# Wanted- Huntaway dog



## Paddymeboy (May 26, 2009)

Looking to buy a New Zealand Huntaway dog. It would be appreciated if any one knows of pups for sale, or of breeders of Huntaways (preferably from working Dam & sire) or a young Huntaway that needs a good home, would contact me. 
Any help would really be appreciated


----------



## Guest (May 26, 2009)

hello do you want a full huntaway or would you consider a huntaway cross lets say a huntaway cross collie?


----------



## Paddymeboy (May 26, 2009)

Hello Devildogz
Thank you for your reply.

I would prefer a full blood Huntaway. I do not have a problem with cross breeds, however in this case a full blood Huntaway would be preferred.


----------



## JSR (Jan 2, 2009)

Is it for a working home? Just asking cos alot of rescues won't rehome to working homes (mad I know!) We do as long as dog is a family pet too and lives indoors. I do come across them sometimes so will keep my eyes open for you.


----------



## Paddymeboy (May 26, 2009)

Hello JSR
Thank you for your reply.

The dog would be kept as a working dog, it is a New Zealand Huntaway. Having this type of dog as a pet would be cruelty, unless you are a marathon runner, train everyday and you want the dog to keep you company on your training runs).

In a working environment your dog is your most treasured asset and trusted companion, it is with you 12 - 16 hours a day and in the case of my son, his dog used to wake him every morning at 5.30 and if he had not arisen by 6am the dog would bark the house down. (So you tell me, who was the boss?).

A New Zealand Huntaway becomes an integral part of your family. He takes it upon himself to be the protector of all, and is fantastic at shepherding children away from dangerous situations and will aways stand between a family member and a stranger.

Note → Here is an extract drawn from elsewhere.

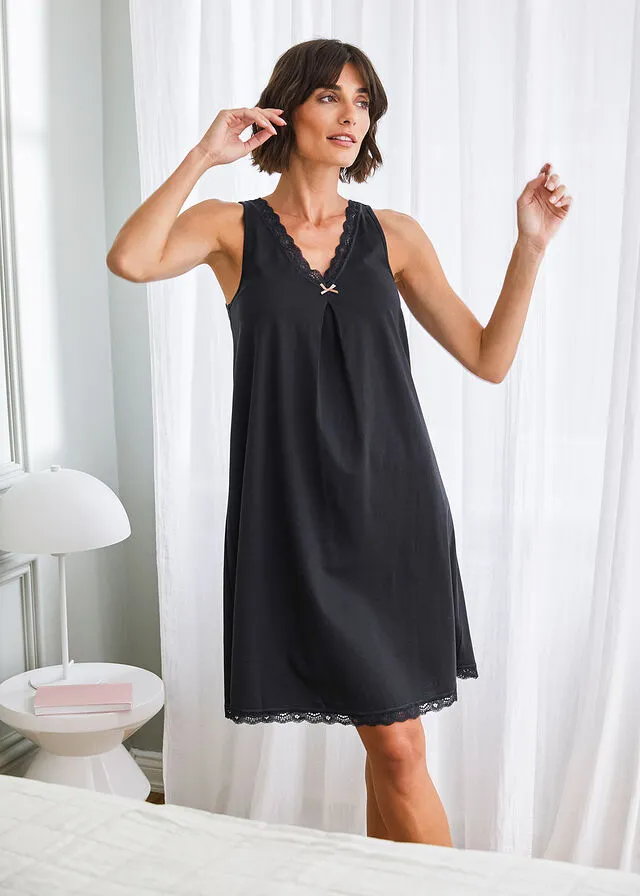 Camisón de viscosa Negro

So to answer your question, the dog would be a working dog, a pet and a valued member of the family.

Take care


----------



## JSR (Jan 2, 2009)

I totally agree with you, I wish more people thought about their breed choice before buying unsuitable high demanding dogs for 'pet' homes. Like I said the rescue I work with is happy to rehome to working homes, we are very rural so get alot of ex-farm dogs and dogs that aren't suited to working life styles through our doors, (got a JRT that was scared of rabbit holes happily snoozing on my sofa as we speak actually!!:lol but we do sometimes get excellent candidates for working life and have passed many to the local gameskeepers and enthusiasts. My happiest paring was a spaniel cross who was just too manic for a family home, she now lives and works with a gentleman that shoots and you never see man without his dog, they are inseparable and it's a pleasure to see. :thumbsup:

Good luck with your search it's a fabulous choice of dog!


----------



## Paddymeboy (May 26, 2009)

Hello JSR
Thank you for your reply.

We shall keep looking.

Good luck with your dog rescue service and if we can be of any help to you in promoting your service, perhaps you would like to email me your contact details at [email protected]

Take Care


----------